Does the Inheritance of Lipoprotein(a) Cholesterol in Patients with Bypass Surgery Matter? (YES)

A large portion of the patients seen at the Kahn Center are interested in learning if they inherited the genetic capacity to produce Lipoprotein(a) or Lp(a) or "the sticky cholesterol". Others know they inherited it at a high level and seek guidance. As you know, I wrote a book on the topic.

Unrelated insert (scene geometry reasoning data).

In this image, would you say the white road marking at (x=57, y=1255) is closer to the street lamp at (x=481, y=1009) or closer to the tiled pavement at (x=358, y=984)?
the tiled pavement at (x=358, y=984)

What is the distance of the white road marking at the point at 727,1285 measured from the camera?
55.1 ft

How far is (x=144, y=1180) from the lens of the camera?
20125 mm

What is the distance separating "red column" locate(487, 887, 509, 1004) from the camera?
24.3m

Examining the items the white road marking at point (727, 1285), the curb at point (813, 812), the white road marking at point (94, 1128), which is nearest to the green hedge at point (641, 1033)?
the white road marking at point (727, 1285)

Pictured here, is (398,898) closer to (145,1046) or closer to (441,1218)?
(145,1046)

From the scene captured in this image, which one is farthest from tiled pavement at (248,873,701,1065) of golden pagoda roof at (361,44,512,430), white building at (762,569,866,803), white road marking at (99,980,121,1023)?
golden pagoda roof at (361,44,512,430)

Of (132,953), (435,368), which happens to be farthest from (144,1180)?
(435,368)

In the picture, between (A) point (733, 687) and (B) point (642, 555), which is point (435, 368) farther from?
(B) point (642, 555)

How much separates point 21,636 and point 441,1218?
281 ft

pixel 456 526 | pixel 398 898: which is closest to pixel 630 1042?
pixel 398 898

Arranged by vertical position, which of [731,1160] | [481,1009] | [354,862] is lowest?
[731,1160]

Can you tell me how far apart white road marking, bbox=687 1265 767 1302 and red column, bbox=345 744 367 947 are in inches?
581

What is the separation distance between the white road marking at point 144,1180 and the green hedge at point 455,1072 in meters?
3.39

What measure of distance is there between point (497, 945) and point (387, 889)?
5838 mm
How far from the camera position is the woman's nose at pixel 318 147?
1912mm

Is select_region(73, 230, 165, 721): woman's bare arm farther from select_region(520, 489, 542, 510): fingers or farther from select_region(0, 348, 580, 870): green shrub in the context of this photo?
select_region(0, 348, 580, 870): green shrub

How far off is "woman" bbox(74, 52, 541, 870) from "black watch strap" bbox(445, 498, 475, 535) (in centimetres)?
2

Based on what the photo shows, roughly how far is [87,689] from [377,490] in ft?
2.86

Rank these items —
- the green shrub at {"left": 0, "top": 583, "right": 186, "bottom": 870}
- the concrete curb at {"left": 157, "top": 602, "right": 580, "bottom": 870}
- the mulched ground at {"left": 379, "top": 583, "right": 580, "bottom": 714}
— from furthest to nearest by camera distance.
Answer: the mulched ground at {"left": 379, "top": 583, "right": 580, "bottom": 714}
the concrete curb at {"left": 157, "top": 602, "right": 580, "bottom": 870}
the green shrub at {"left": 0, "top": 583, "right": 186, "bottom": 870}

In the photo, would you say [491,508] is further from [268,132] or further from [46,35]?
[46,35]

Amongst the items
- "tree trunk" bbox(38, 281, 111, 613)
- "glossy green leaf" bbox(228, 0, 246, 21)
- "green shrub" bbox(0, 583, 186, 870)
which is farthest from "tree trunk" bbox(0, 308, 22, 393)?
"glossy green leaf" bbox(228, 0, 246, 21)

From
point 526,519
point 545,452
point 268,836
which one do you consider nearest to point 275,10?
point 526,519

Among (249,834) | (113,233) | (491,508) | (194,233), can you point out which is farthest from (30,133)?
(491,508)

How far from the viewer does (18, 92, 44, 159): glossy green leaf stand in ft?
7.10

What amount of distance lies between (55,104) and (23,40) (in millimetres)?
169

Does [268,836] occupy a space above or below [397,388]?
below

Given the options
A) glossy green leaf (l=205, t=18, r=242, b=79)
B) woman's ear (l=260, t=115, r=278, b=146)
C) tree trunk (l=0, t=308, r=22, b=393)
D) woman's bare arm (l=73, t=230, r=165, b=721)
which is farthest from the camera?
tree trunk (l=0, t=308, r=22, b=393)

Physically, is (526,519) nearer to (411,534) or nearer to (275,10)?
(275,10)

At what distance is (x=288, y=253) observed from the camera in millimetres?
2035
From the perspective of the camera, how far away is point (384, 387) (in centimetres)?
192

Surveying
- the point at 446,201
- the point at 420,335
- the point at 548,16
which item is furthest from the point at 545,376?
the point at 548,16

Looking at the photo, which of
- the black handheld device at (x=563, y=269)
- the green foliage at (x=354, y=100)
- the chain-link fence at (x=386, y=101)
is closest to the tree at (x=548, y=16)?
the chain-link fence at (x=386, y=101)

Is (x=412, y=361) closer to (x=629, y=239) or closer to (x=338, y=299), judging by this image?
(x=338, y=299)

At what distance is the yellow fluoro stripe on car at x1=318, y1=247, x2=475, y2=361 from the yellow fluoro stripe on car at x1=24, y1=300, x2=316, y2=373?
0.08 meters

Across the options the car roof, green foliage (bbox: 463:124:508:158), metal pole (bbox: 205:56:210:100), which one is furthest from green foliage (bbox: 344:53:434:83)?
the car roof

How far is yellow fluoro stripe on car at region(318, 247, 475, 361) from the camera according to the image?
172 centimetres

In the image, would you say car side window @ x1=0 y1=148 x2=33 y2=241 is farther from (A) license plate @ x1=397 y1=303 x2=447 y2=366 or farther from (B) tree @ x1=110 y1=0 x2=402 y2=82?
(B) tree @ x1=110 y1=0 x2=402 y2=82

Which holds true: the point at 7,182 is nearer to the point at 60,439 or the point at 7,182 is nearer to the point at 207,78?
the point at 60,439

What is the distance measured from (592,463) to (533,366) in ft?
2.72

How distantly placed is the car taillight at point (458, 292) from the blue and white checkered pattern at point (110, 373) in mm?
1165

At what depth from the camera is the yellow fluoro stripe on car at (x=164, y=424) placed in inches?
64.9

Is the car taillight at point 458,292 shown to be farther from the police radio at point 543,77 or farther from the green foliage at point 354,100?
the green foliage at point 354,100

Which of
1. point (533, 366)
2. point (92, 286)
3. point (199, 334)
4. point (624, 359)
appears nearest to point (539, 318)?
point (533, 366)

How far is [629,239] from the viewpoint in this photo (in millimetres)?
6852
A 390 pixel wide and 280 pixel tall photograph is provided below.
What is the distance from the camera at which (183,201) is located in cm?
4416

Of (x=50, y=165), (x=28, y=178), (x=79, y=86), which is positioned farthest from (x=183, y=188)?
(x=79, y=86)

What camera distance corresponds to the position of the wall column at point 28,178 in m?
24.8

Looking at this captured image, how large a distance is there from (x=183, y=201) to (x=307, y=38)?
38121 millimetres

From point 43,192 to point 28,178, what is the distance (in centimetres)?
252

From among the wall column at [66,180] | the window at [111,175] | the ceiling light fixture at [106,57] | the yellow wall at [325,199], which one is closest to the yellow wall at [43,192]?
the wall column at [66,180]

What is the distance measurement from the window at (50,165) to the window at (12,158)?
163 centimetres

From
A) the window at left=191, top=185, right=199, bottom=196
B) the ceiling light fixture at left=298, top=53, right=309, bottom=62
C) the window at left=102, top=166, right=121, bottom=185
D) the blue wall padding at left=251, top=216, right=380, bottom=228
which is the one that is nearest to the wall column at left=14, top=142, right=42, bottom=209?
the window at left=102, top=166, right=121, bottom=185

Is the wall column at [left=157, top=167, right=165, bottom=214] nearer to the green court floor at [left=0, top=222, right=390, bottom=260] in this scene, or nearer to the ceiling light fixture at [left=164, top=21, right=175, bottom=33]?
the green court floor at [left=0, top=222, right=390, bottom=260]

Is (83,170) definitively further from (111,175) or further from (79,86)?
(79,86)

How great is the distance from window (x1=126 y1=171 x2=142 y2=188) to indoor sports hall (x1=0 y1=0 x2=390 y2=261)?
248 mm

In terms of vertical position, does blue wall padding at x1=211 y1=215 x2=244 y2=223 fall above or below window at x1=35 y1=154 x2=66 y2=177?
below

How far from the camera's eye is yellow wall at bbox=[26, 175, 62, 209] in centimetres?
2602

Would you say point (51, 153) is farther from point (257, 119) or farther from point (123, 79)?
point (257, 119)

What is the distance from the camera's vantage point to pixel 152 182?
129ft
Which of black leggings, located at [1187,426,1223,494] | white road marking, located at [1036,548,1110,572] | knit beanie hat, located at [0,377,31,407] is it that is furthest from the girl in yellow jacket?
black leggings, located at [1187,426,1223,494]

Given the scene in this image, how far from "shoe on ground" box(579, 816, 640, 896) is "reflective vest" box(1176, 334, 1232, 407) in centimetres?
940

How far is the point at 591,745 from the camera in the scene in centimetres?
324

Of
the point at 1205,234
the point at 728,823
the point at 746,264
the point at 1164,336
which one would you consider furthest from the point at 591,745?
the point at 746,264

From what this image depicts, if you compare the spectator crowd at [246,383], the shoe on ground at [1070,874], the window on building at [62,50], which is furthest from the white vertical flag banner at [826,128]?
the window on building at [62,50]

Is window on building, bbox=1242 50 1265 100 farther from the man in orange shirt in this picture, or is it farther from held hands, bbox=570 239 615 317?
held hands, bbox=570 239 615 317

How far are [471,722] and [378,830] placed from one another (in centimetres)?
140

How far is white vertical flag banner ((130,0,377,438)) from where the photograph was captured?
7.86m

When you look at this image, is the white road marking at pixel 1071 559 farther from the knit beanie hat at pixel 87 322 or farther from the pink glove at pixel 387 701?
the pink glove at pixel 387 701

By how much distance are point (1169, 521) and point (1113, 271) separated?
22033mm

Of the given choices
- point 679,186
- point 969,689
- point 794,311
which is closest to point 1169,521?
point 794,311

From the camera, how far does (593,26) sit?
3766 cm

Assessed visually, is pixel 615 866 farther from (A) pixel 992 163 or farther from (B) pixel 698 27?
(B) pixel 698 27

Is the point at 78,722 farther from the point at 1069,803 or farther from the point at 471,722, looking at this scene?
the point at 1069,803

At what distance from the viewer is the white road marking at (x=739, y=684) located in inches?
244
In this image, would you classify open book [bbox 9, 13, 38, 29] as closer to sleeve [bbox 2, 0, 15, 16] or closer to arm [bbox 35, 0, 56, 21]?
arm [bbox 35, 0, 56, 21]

Lp(a) is a causal risk factor for atherosclerosis of any artery in the body and also the aortic valve and related complications. The importance of Lp(a) inheritance in patients undergoing coronary artery bypass grafting remains unknown. A new study aimed to assess the impact of high Lp(a) on the long‐term prognosis of patients undergoing coronary artery bypass grafting.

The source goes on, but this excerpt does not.